Solidarität wird Mangelware

Ich schreibe diesen Beitrag, nachdem die Rentenreform 2020 abgelehnt wurde.  Diese Abstimmung hat meines Erachtens viel zu tun mit Gerechtigkeit, (sozialem) Frieden und Solidarität. Die Einführung der AHV vor fast 70 Jahren war eine Pionierleistung bezüglich Altersvorsorge und Stärkung der sozial Schwachen. Die letzten drei Revisionen wurden alle vom Volk abgelehnt. Alle Parteien und Verbände sind sich einig, dass eine Reform dringend ist, um längerfristig die Finanzierung der Altersvorsorge zu sichern. Der vorgeschlagene Kompromiss der Rentenreform 2020 ist die Frucht von über 6 Jahren Arbeit, begeisterte aber niemanden wirklich ganz. Er entspricht aber dem politisch Machbaren. Ich will hier nicht über die komplizierten einzelnen Massnahmen sprechen, sondern diese Abstimmung in einen grösseren Zusammenhang stellen.

 

Die Abstimmungskampagnen und das Resultat sind ein Zeichen für die zunehmende Entsolidarisierung in unserer Gesellschaft. Das längerfristige Ziel vor allem von FDP, SVP und den Wirtschaftsverbänden ist, staatliche Aktivitäten und Aufgaben zu reduzieren und diese dem privaten Wirtschaftssektor zuzuführen (Stichwort Abbau der Staatsaufgaben und Reduktion der Steuern für Unternehmer und Reiche). Folgerichtig soll die AHV zugunsten der zweiten und der dritten Säule gestutzt werden. Dies ist aus meiner Sicht aus zwei Gründen bedenklich und gefährlich: Erstens ist die AHV die einzige Form der Altersvorsorge, die eine solidarische Umverteilung von hohen Einkommensbezügern zu Menschen mit kleinen oder keinem Einkommen bringt: Die AHV Beiträge werden prozentual auf dem Einkommen erhoben, während die AHV Renten auch für Superreiche einen Maximalbetrag nicht überschreiten. Damit trägt die AHV massgeblich dazu bei, Altersarmut zu verringern und Ergänzungsleistungen auf einem tragbaren Niveau zu halten. Bei der zweiten und dritten Säule findet keine Umverteilung von reich zu arm statt, weil jeder erhält, was er während seiner Lebensarbeitszeit einbezahlt hat. Wer die AHV kürzt, erhöht das ohnehin starke Gefälle zwischen arm und reich und erhöht längerfristig das Risiko sozialer Unrast und von sozialen Konflikten.

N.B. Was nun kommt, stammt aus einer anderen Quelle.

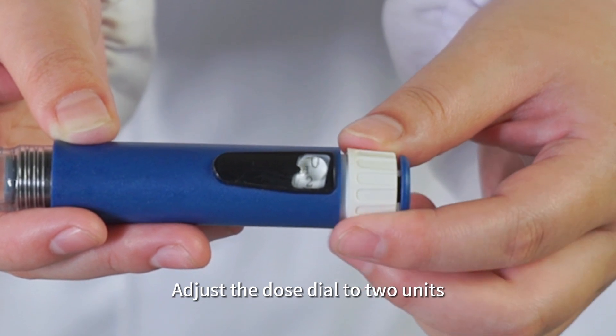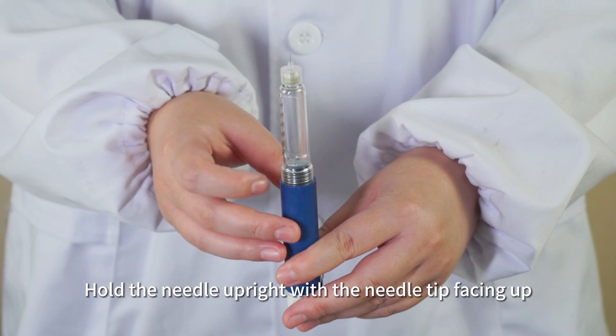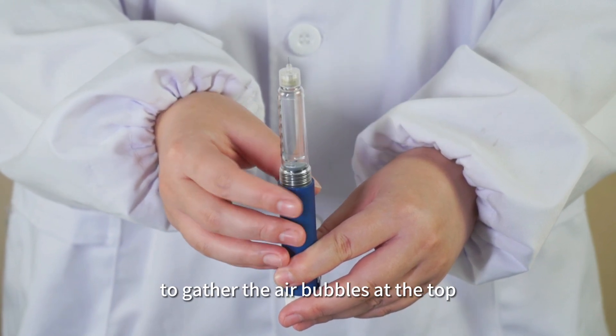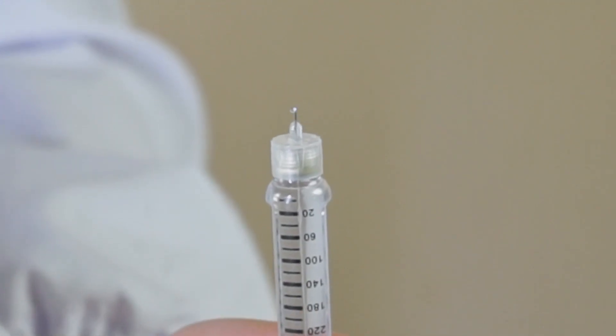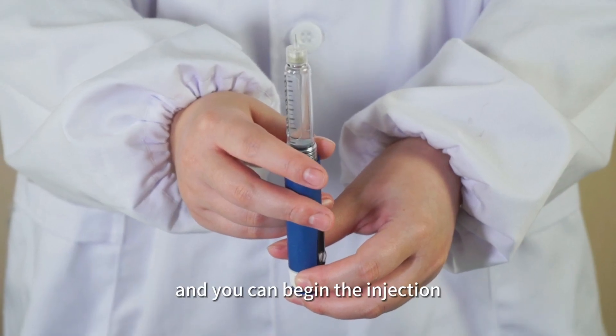Adjust the dose dial to 2 units. Hold the needle upright with the needle tip facing up. Gently tap the pen tip with your finger to gather the air bubbles at the top. Push the injection button until you see a stream of insulin coming out, indicating that the air has been expelled and you can begin the injection.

Zweitens führt die Zunahme von zweiter und dritter Säule zur verstärkten Privatisierung dieses Geschäftes in den Händen von Banken und Versicherungen. Diese maximieren ihre Profite zulasten der Interessen der Versicherten. Die steigenden, aber oft nicht transparenten Verwaltungs- und Bearbeitungsgebühren bei Banken und Versicherungen lassen den für den Versicherten verbleibenden Teil tendenziell schrumpfen.

 

Ist es zynisch anzunehmen, dass FDP und SVP entgegen ihrer geäusserten Sorge, dass die vorgeschlagene Rentenreform deshalb abzulehnen sei, weil sie die AHV nicht langfristig sicherstellt, eigentlich daran interessiert ist, die AHV durch die Nichtreform finanziell in Schieflage zu bringen? Damit wäre der Weg für sie frei, ohne Rentenerhöhung Rentenalter 67 für Männer und Frauen vorzuschlagen. Dies wäre ein grosser Nachteil für Menschen, die schwere körperliche Arbeit verrichten, also wieder für jene, die tendenziell wenig verdienen, aber auch für Frauen, ganz zu schweigen von allen 50+, die entlassen werden und kaum mehr Arbeit finden und damit der Allgemeinheit, d.h. dem Steuerzahler zur Last fallen.

 

Die Ablehnung der Rentenreform reiht sich ein in andere vorgeschlagene Entsolidarisierungsmassnahmen wie die bevorstehende Unternehmenssteuerreform, die Schwächung respektive Abschaffung der SRG durch die No-Bilag Initiative oder den Leistungsabbau bei der Post.

 

Bisher war der soziale Frieden und ein sehr gut ausgebauter Service Public ein Merkmal der Schweiz und ein Standortvorteil für viele Unternehmer. Ist die politische Rechte daran, diesen Bonus leichtfertig aufs Spiel zu setzen?